The interior pavement inside the house, the restaurant, the wine cellar, the equestrian club and a part of the exterior pavement in the courtyard are made from existing stone from the estate. Upon the excavation of soil for a basement in 2005 this stone was uncovered, cut, formatted and brushed - for reuse in the interior space. Upon restoration the whole wooden ceiling construction was removed and replaced with a concrete plate. A wooden joist was sent for dendrological testing to the biotechnical faculty, University of Ljubljana to determine the age. The chestnut and oak position analysis revealed the actual age of the wood, which was cut down in 1649 and integrated in the ceiling construction in 1650. Today it is part of a beam with an adequate certificate, which is on display in the lobby of the old house directly at the entrance. All beams of the old ceiling were sawn down and from them the carpenter made front doors with doorframes and all interior doors of the old house. Inside the house on the front wall a tabernacle was built with a Madona and child from the mid-18th century (the work came from the famous South Tyrolean carving workshop); the Madona constantly watches over the estate and its visitors.
Opposite the old house lies the former barn or today’s restaurant with 60 seats. This is visually linked to the fold for horses - a guest in the restaurant can literally watch horses over the glass and feel their energy. The restaurant leads to the wine cellar, which is decorated with a wooden sculpture of St. Martin on horseback from the 18th century. The wine cellar revives the tradition of wine estates and districts, and it’s filled with top class Slovenian and world wines; originating from Australia, South Africa, Argentina, North America and Europe. Besides St. Martin, the wine pledges of Hilari Anderlič also hang on the wall for all to see, from 1612 in the City Council of Ljubljana - Ljubljana wine keeper and citizen, ancestor of the current owners of the estate. Blacksmith fetters in the wine cellar, the lights in the restaurant and suites, as well as locks and keys are all the work of the local master blacksmith's dying craft.

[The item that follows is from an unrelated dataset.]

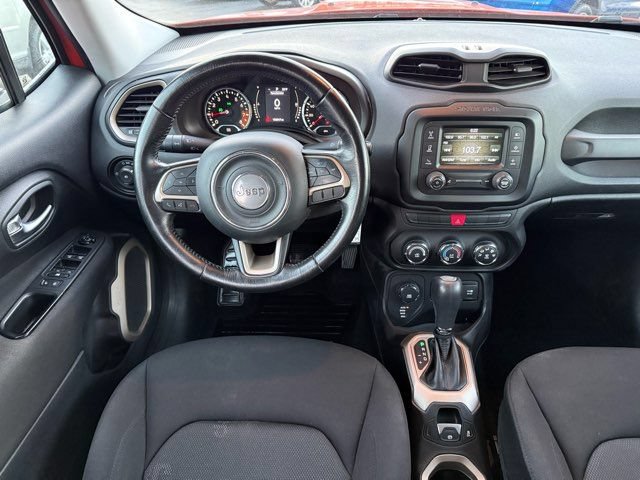 Used 2015 Jeep Renegade Latitude AWD/4WD image 13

From the restaurant with a wine cellar we move on to the guest chalets. The guest chalets are noted by the quality of a local blacksmith (carpentry) and carpenter crafts (furniture made from local spruce wood). The chalets are built along the pattern of rural rustic architectural heritage of past centuries from the Dolenjska region; one-third of the chalet is built of stone/brick and two-thirds are out of wood - made from dried spruce wood, and inside treated with beeswax. The chalets are covered up with wooden shingles and have wooden shutters and wooden gutters which is nowadays extremely rare. The site encompasses 6 suites with one bedroom and 3 with two bedrooms. They are all heated, as is the whole estate, with a system of wood chips from local forests. Heating equipment and machinery for work on the property is located in the adjacent building next to the horse track.

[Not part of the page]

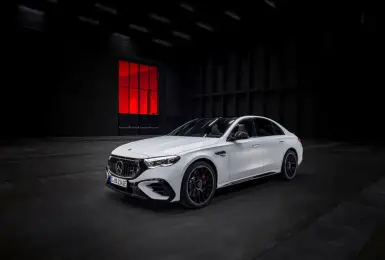 《Mercedes-AMG E 53 HYBRID 4MATIC+》485萬元起｜純電續航破百 零百加速4秒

Between the equestrian club (former cycle workshop for wagons, barrels and mill) and today's toilets (former pigsty) stands a majestic hayrack - a double hayrack from 1884. This hayrack replaced the former one, which was knocked down by a storm due to its rotten wood. The double hayrack was brought from Šmartno pri Litiji, where it was also exhibited, reassembled at its new location on the property and renewed in its full splender. The mighty hayrack consists of two floors, which is unique even for Slovenia - the country of hayracks. With its frontal placement in space, it faces the central courtyard and expresses welcome to all visitors of the Pule Estate.